MUMBAI, (Reuters) – “God Bye” screamed the front page of India’s largest selling newspaper yesterday reflecting the depressive mood of the cricket-crazy country after its favourite son, Sachin Tendulkar, announced his retirement from all forms of cricket.
The Times of India dedicated four more pages to the world’s most prolific international run-scorer, who announced on Thursday that he will retire after playing his 200th test match at home against West Indies next month.
The diminutive batsman, now 40, has been the face of Indian cricket since he burst onto the international scene as a 16-year-old curly-haired boy against arch-rivals Pakistan in a Karachi test.
And after 24 years, more than 34,000 international runs and a century of international hundreds, the news of Tendulkar’s parting made the top story on the front page of every publication in the country.
“The Void” was what the Indian Express used on top of a picture of Tendulkar walking out to bat with his willow tucked under his left arm as the winter sun peeked from behind his helmet.
The Hindustan Times newspaper said as much in their banner headline “There will never be another you”.
Former Australia captain Steve Waugh said: “He was the Don Bradman of our times” in a 2009 column for Times of India, which was republished on Thursday.

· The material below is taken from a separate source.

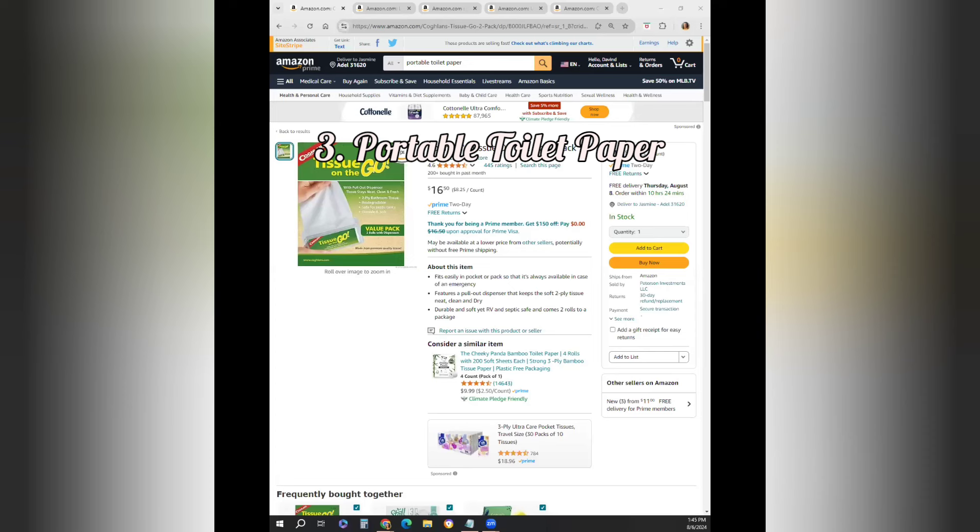Number three — I'm going to share my screen for this because it's super important — you want to have portable toilet paper with you. When you do find a bathroom at a restaurant or a store, it may be one-ply or there may be no toilet paper at all. This was a lifesaver — we had to pass it around the group on the way back to the airport. It's about a four-hour ride from Guatemala City to San Pedro, and when we stopped at a little gas station bathroom, there usually was no tissue in there.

“Sachin was always a favourite with Australian crowds and had the unreserved respect of Australian cricketers because he possesses many traits that we respect and value among sportsmen,” Waugh wrote.
“He was fiercely competitive, never backed off from a contest, never gave up but was always fair.”
Tendulkar’s dominating batting display during his initial years has been often compared with the swagger and style of West Indian batting great Viv Richards.
Richards agreed.
“When in full flow, the mild-mannered boyish cricketer could look extremely intimidating in the middle,” Richards also wrote in a 2009 column for the publication.
“If there was a resonance I found of myself in his batting, it is the intent that he communicated.”
India wicketkeeper Mahendra Singh Dhoni was elevated as the team’s captain on Tendulkar’s recommendation and later spent quite a bit of time chatting to the master batsman, who used to stand beside him at first slip.
Dhoni said he had too much respect for his cricketing idol and was overawed by Tendulkar’s presence during his debut series in Bangladesh in 2004.
“I couldn’t muster enough courage to speak to Tendulkar, so I would avoid eye contact with him,” Dhoni wrote in a column published in the same newspaper.